CSV Report
==========

.. _csv-report:

CSV (Comma-Separated Values) reports are designed for machine readability and
are ideal for importing benchmark results into spreadsheet applications like
Microsoft Excel or Google Sheets, or for analysis with data processing tools
like Pandas.

To generate a CSV report, you can use an option like `--csv.ops` when running
your benchmarks. By default, this will save a CSV file to the output directory
(which defaults to ``.benchmarks``).

Here is an example of how to run a benchmark script and generate a CSV report:

.. code-block:: shell
  :caption: Running a benchmark with a CSV report
  :name: run-benchmark-csv

    python my_benchmark_script.py --csv.ops

This command executes the benchmarks in `my_benchmark_script.py` and saves a
CSV file containing the operations-per-second results. A basic CSV output file
will look something like this:

.. code-block:: text
  :caption: Sample CSV Output
  :name: sample-csv-output

    # title: addition_benchmark
    # description: A simple addition benchmark of Python's built-in sum function.
    # unit: Ops/s
    N,Iterations,Rounds,Elapsed Seconds,mean (kOps/s),median (kOps/s),min (kOps/s),max (kOps/s),5th (kOps/s),95th (kOps/s),std dev (kOps/s),rsd (%)
    1,42801,1,0.291715587,147.0,148.0,22.0,153.0,142.0,151.0,6.77,4.6

Which corresponds to the following table:

.. csv-table::
   :header-rows: 1
   :align: center

   N,Iterations,Rounds,Elapsed Seconds,mean (kOps/s),median (kOps/s),min (kOps/s),max (kOps/s),5th (kOps/s),95th (kOps/s),std dev (kOps/s),rsd (%)
   1,42801,1,0.291715587,147.0,148.0,22.0,153.0,142.0,151.0,6.77,4.6


.. note::
   **Interpreting Outliers in Benchmark Results**

   In the sample output, you may notice that the ``min (Ops/s)`` value is an
   extreme outlier. This is a realistic reflection of real-world benchmarking,
   where system events like garbage collection can cause individual iterations
   to be significantly slower. This is why SimpleBench provides a full suite of
   statistics like the **median** (which is resistant to outliers) and **RSD%**
   (which quantifies inconsistency) to help you get a complete and honest
   picture of your code's performance.

.. note::
   To avoid "false precision", statistical results are output with three significant digits.
   Due to the inherent variability of performance measurement, any further digits are
   typically meaningless statistical noise.

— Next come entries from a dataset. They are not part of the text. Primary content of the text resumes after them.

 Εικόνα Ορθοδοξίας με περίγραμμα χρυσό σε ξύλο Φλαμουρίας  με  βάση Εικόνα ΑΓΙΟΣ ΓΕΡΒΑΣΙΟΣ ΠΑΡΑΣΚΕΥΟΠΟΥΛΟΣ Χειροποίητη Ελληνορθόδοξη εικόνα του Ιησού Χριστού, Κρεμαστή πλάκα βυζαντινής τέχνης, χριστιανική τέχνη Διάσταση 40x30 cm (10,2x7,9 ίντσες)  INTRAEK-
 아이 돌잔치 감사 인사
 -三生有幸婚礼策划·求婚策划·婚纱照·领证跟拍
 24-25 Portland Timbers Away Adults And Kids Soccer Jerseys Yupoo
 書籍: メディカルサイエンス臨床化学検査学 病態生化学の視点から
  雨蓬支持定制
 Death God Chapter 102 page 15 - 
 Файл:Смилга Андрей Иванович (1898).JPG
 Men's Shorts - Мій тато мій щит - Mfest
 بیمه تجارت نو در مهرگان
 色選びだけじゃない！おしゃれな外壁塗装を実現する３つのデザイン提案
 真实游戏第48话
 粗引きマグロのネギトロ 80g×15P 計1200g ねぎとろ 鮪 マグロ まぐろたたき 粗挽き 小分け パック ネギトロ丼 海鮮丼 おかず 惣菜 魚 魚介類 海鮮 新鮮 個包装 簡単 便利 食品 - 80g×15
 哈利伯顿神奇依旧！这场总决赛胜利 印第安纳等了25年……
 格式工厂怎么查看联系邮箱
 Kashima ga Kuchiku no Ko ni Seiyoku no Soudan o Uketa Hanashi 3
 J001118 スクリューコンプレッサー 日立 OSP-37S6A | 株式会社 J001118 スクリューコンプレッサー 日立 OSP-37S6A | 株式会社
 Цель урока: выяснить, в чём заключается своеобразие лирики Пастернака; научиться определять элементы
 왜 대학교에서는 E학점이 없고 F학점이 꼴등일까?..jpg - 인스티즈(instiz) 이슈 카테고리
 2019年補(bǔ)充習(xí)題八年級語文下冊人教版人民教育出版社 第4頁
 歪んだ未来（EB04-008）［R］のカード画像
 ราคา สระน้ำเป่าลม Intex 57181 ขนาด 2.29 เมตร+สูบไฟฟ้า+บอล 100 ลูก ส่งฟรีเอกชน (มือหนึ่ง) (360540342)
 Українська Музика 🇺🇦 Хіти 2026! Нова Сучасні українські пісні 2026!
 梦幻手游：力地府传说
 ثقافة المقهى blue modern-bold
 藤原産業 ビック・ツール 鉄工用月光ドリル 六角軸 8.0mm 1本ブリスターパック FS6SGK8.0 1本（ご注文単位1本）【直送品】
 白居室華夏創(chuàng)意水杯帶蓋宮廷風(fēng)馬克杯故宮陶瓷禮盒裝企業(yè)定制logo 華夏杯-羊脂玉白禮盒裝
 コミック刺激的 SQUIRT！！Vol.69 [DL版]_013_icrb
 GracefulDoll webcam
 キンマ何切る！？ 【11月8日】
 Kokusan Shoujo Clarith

   This is not an issue with SimpleBench itself, but rather a fundamental aspect of benchmarking and performance
   measurement in the real world.

Report Variations and Destinations
----------------------------------

SimpleBench provides several variations of the CSV report:

- ``--csv``: Generates a CSV file with all result types (ops, timing, and memory).
- ``--csv.ops``: Generates a CSV file only for operations-per-second results.
- ``--csv.timing``: Generates a CSV file only for timing results.
- ``--csv.memory``: Generates a CSV file only for memory usage results.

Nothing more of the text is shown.